> TASK OBJECTIVE: Retype all of the listing exactly, passing over any picture you find.

> RECORDED INFORMATION:
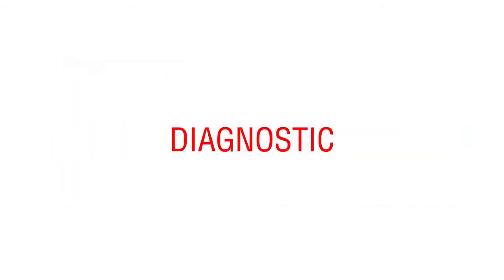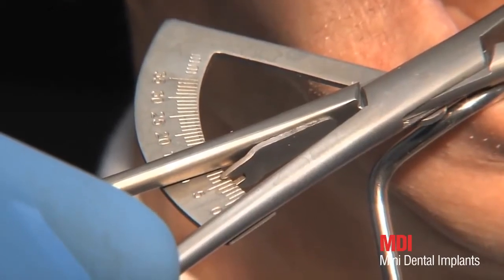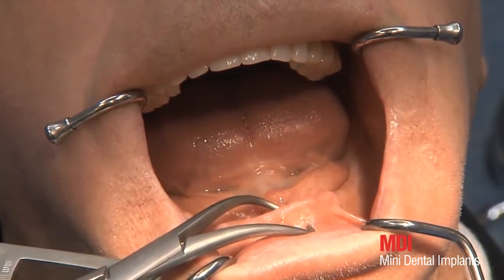A bone mapping caliper can be used to determine the bone thickness. A minimum thickness of 4 mm is necessary to ensure that the implant is surrounded by a minimum of 1 mm of bone.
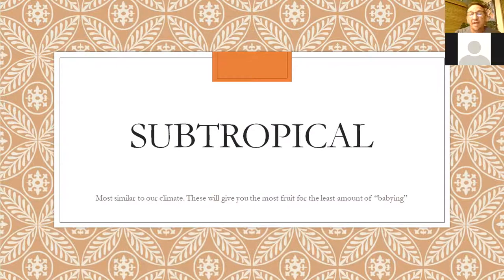The first category — I broke plants up into categories because I always love to know where a plant's from in the world before I grow it, because it tells me everything about how to take care of it. Subtropical climate is what we live in. These plants are very easy here — they don't take a whole lot of frost protection or shade. They're very adapted to our climate and give you the most bang for your buck.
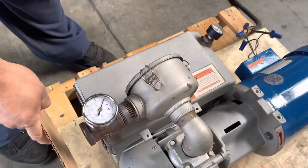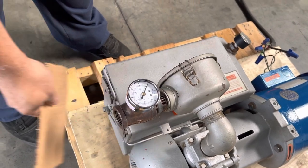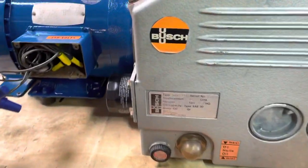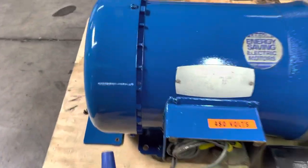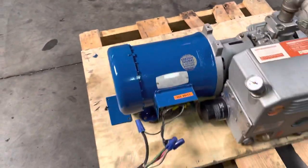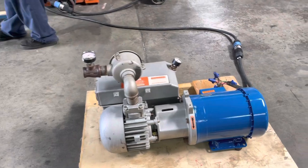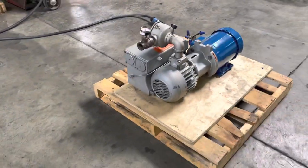See the gauge right here? It goes up to about 27, 28 inches. I'm going to turn it on — okay, it's on. That is a Busch three horsepower rotary vane vacuum pump.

> EXERCISE ANSWER:
A bone mapping caliper can be used to determine the bone thickness. A minimum thickness of 4 mm is necessary to ensure that the implant is surrounded by a minimum of 1 mm of bone.
The first category — I broke plants up into categories because I always love to know where a plant's from in the world before I grow it, because it tells me everything about how to take care of it. Subtropical climate is what we live in. These plants are very easy here — they don't take a whole lot of frost protection or shade. They're very adapted to our climate and give you the most bang for your buck.
See the gauge right here? It goes up to about 27, 28 inches. I'm going to turn it on — okay, it's on. That is a Busch three horsepower rotary vane vacuum pump.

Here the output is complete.